• WORK REQUIRED:
Write out the line that contains "Navy Seersucker Bow Tie for Men", then every following line to the end of the records below, with no other lines and no changes.

<<<<

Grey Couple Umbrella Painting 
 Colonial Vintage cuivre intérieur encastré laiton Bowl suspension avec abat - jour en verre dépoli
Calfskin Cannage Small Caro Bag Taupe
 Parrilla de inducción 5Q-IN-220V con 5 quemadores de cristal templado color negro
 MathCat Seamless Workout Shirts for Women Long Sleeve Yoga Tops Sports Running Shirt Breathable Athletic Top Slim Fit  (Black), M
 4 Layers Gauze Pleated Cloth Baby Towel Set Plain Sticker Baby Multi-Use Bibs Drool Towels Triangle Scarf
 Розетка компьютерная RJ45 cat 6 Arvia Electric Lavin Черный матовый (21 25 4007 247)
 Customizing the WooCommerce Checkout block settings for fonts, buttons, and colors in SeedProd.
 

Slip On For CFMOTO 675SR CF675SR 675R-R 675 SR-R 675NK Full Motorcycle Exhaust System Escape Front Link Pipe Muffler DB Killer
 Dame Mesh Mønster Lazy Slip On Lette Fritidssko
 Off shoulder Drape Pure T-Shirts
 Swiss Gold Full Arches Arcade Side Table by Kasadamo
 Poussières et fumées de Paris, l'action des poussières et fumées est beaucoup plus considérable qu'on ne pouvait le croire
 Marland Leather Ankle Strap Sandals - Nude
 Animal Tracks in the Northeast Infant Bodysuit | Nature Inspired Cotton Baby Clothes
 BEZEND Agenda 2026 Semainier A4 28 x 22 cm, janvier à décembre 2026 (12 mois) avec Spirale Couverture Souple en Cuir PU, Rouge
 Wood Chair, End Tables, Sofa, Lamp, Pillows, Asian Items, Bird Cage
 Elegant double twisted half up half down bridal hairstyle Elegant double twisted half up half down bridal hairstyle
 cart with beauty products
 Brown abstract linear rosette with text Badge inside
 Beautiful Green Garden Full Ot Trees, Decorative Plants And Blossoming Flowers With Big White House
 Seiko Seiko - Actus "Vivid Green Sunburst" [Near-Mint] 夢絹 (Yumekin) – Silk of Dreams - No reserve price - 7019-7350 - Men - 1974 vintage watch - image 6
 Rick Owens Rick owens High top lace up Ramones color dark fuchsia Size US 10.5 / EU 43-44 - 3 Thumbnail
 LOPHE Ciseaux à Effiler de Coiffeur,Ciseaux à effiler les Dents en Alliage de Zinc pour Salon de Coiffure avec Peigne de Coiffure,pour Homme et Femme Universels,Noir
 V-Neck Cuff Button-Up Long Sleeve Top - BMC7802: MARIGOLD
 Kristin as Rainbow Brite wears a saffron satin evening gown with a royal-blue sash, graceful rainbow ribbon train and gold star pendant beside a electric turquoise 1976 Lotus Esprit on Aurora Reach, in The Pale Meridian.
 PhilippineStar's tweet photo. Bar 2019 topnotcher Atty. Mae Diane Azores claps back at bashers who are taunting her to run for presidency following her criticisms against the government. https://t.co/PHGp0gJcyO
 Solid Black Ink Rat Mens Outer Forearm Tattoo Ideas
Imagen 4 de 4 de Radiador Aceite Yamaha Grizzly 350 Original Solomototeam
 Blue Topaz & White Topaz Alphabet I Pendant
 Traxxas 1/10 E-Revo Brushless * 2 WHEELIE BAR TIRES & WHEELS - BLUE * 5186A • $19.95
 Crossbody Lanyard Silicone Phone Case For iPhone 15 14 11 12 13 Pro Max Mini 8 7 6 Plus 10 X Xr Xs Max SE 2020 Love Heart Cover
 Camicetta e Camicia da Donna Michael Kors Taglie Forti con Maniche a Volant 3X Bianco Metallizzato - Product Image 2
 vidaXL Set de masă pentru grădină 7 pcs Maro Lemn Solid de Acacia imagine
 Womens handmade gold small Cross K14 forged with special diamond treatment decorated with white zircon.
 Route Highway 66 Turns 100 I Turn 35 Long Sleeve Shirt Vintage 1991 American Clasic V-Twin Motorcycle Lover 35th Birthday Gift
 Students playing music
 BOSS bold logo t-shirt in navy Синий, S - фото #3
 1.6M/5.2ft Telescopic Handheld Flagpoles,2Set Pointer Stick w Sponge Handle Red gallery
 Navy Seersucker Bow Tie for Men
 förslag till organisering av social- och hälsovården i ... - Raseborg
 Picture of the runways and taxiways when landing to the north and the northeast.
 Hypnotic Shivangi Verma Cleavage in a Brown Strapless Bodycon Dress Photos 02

>>>>

• SOLUTION FOR THIS EXERCISE:
 Navy Seersucker Bow Tie for Men
 förslag till organisering av social- och hälsovården i ... - Raseborg
 Picture of the runways and taxiways when landing to the north and the northeast.
 Hypnotic Shivangi Verma Cleavage in a Brown Strapless Bodycon Dress Photos 02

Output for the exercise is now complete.